Quellen: Bloomberg, Raiffeisen Schweiz

 

Rückblick

Als Folge der weltweiten Lockdowns ist die Weltkonjunktur im ersten Halbjahr dramatisch eingebrochen. Trotzdem haben sich die Märkte im 3. Quartal gut  behauptet. Die Gründe dafür liegen in der ultralockeren Geldpolitik der Notenbanken, den fiskalpolitischen Rettungsmassnahmen der Regierungen weltweit und nicht zuletzt in der Hoffnung auf einen bald verfügbaren Impfstoff.  

Die US-Notenbank hat kürzlich die letzte Hoffnung der Anleger auf eine baldige Zinswende zerschlagen. Die Leitzinsen werden voraussichtlich auch in den USA noch bis mindestens 2023 nahe bei null liegen.  

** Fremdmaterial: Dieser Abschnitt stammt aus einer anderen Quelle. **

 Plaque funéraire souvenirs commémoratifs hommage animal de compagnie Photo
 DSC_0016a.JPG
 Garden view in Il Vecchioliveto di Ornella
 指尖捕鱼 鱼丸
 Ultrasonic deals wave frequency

Trotz Niedrigzinsumfeld und tiefen Renditen haben Obligationen in einem ausgewogenen Portfolio eine Daseinsberechtigung, denn sie haben wegen ihrer tiefen Korrelation zu den Aktienmärkten eine portfoliostabilisierende Funktion. Die Corona-Krise hat aber zahlreiche Unternehmen in finanzielle Schwierigkeiten gebracht. Die Ausfallwahrscheinlichkeiten am Obligationenmarkt sind teils erheblich gestiegen, insbesondere bei Hochzins- und Schwellenländerobligationen. Wegen dem unattraktiven Rendite/Risiko-Verhältnis halten wir in den Vermögensverwaltungsmandaten auch weiterhin an der Untergewichtung der Obligationenquote fest.

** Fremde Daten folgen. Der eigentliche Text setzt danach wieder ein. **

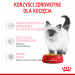Royal Canin FHN Kitten Instinctive w galaretce - mokra karma dla kociąt - 12x85 g - Galeria zdjęcie 12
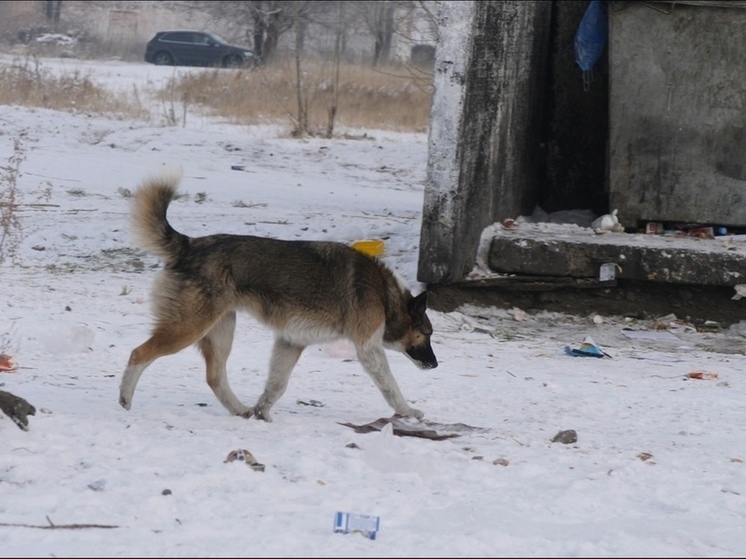 Проект закона об эвтаназии бродячих собак в Забайкалье вернули к первому чтению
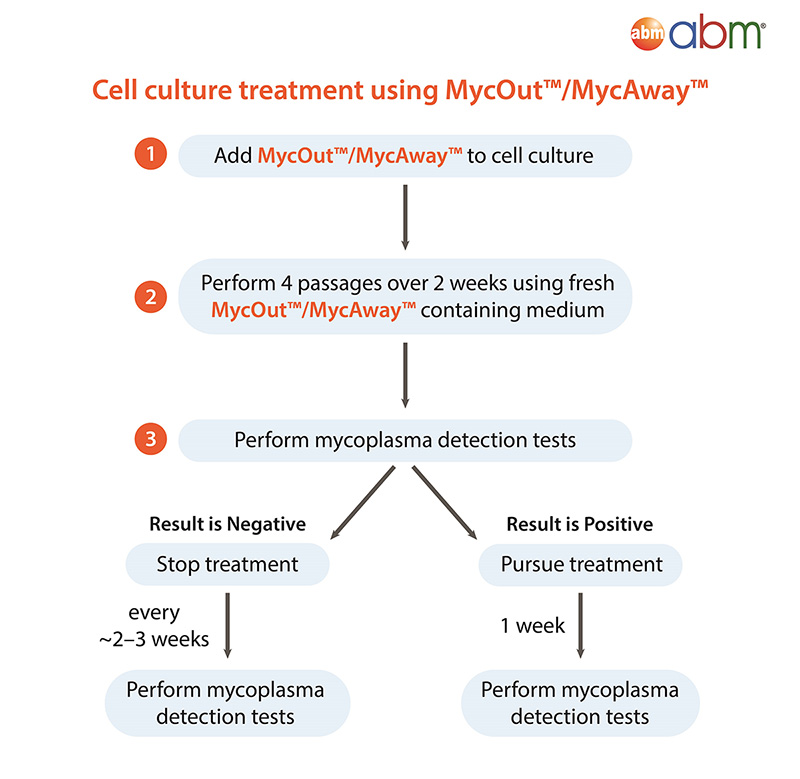 Cell culture treatment with MycOut and MycAway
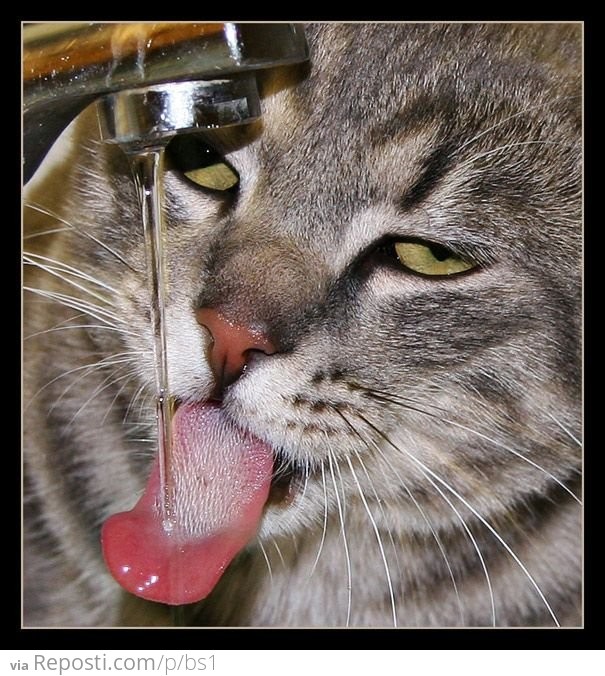 Cat Enjoys Water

Einige Aktienindizes notieren wieder nahe beim Stand von Anfang Jahr, obwohl die Gewinnerwartungen der Unternehmen teilweise massiv nach unten korrigiert werden mussten. Diese beiden Umstände haben zu einer Bewertungs-Expansion geführt. Das bedeutet, dass Aktien teuer bewertet sind. Aktienpreise reflektieren jedoch nicht die Gegenwart, sondern die Erwartungen der Marktteilnehmer. Diese gehen folglich davon aus, dass ab 2021 wieder eine deutliche Gewinnerholung einsetzen wird. Gemäss unserer Meinung ist darin aber sehr viel Optimismus eingepreist. Die konjunkturelle Erholung dürfte langsamer von statten gehen, als bisher angenommen. Wir bleiben vorsichtig und behalten die Aktien insgesamt leicht untergewichtet. Innerhalb der Aktienquote bevorzugen wir den defensiven Schweizer Heimmarkt gegenüber den zyklischeren Märkten.  

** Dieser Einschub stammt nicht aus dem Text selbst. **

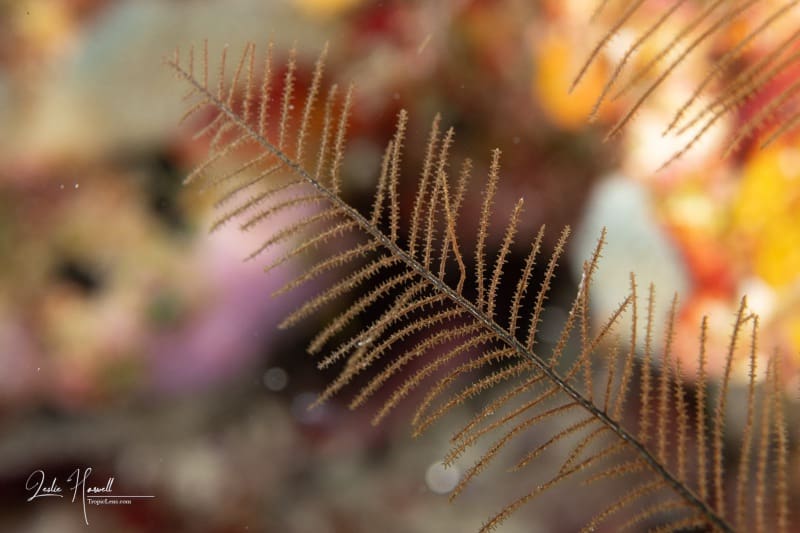 Bonaire_2024-05-27_11-45-21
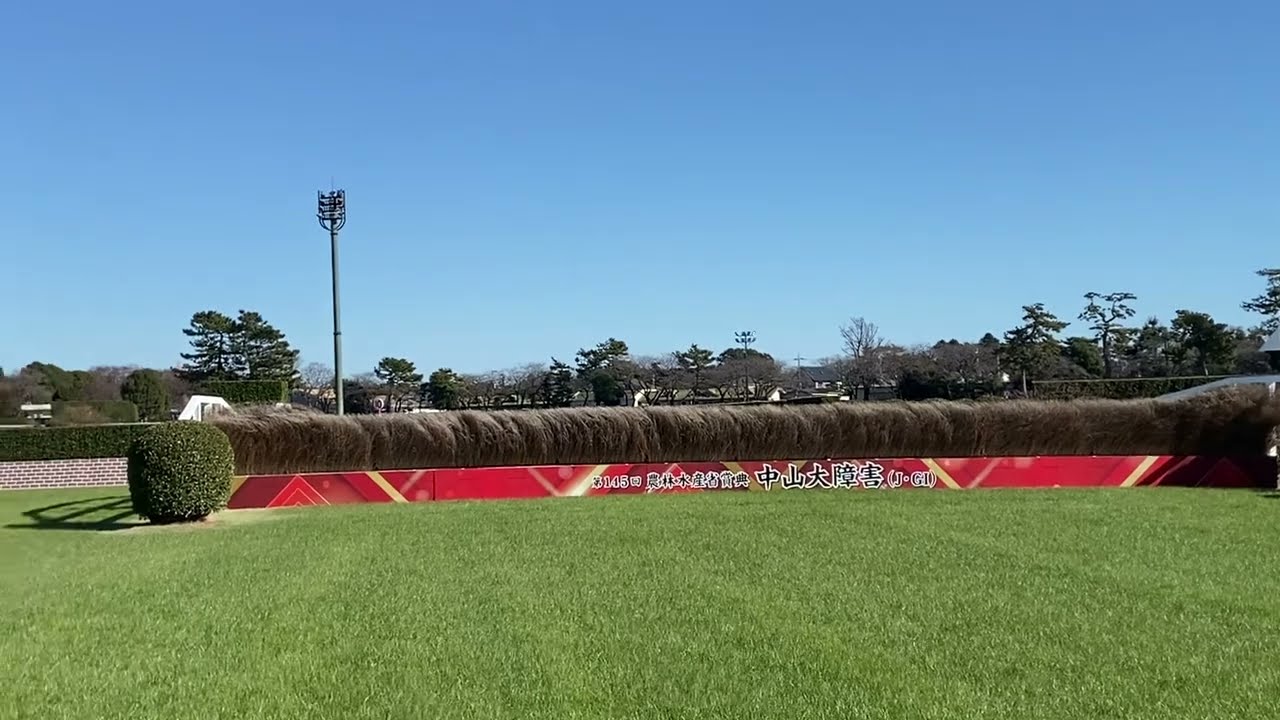 中山競馬場 大障害コース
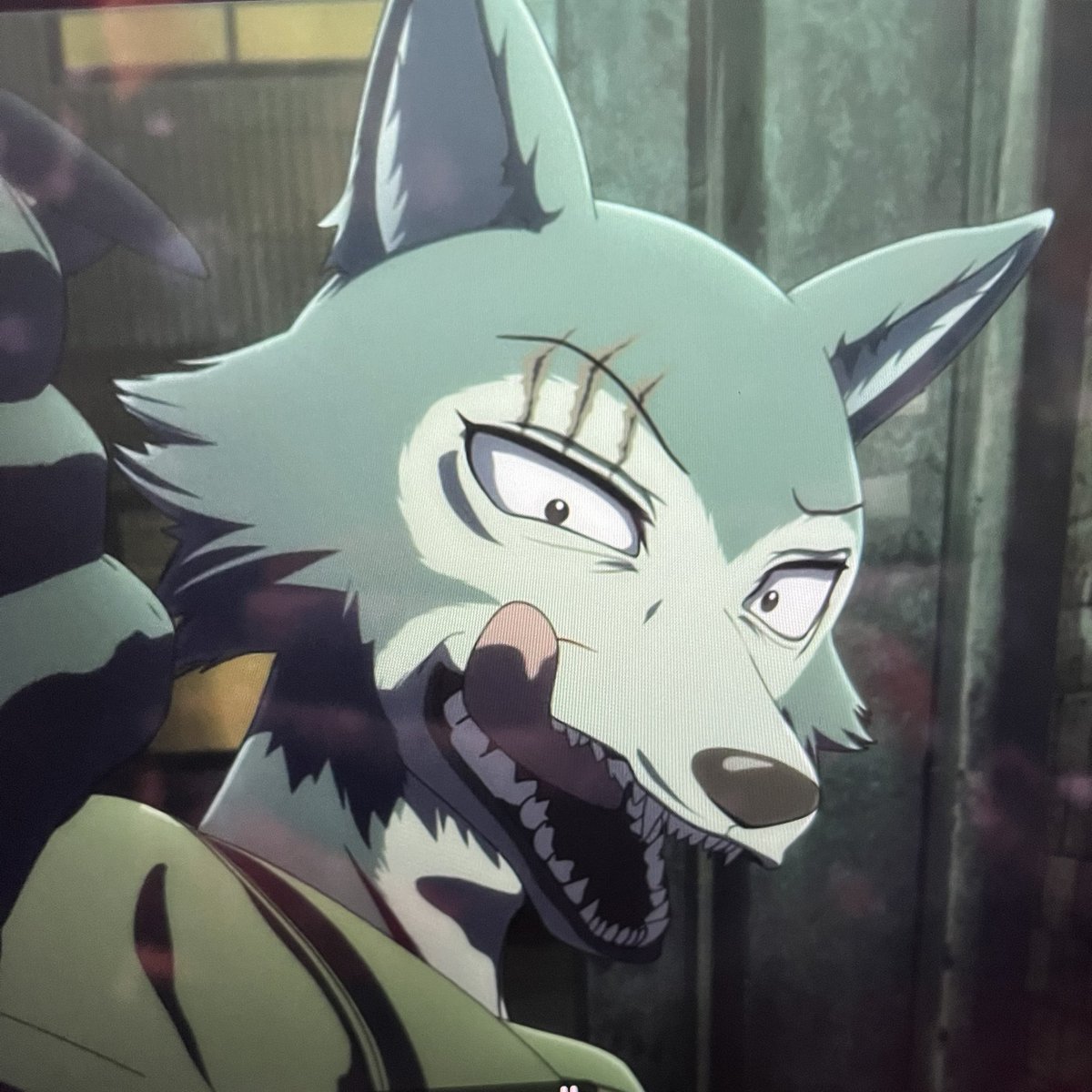Rei_ndrops's tweet photo. Beastars s3 scene redraw. 

It’s not that I dislike the animation but it does lose some character that the manga has! https://t.co/PFCiKYjjQv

Bei den Alternativen Anlagen halten wir wegen den vielen Unsicherheitsfaktoren weiter an der höheren Goldgewichtung fest. Gold war ebenfalls ein Stabilisator im Portfolio.

 

Ausblick

Nach einem verhältnismässig ruhigen Sommer ist die Zahl der Neuinfektionen zuletzt wieder deutlich gestiegen. Erste Länder reagieren mit regionalen Lockdowns. Saisonal beginnen nun auch die in der Regel ohnehin volatileren Herbstmonate. Die Angst vor einer zweiten Corona-Welle, die anstehenden US-Wahlen sowie der drohende EU-Austritt Grossbritanniens ohne Freihandelsabkommen sorgen für zusätzliche Unsicherheit an den Börsen.  

Ein Blick in die Vergangenheit zeigt aber, dass Angst stets ein schlechter Ratgeber ist. Wir empfehlen an der bestehenden Vermögensallokation und definierten Anlagestrategie festzuhalten – eine breite Diversifikation ist und bleibt der Schlüssel zum langfristigen Erfolg.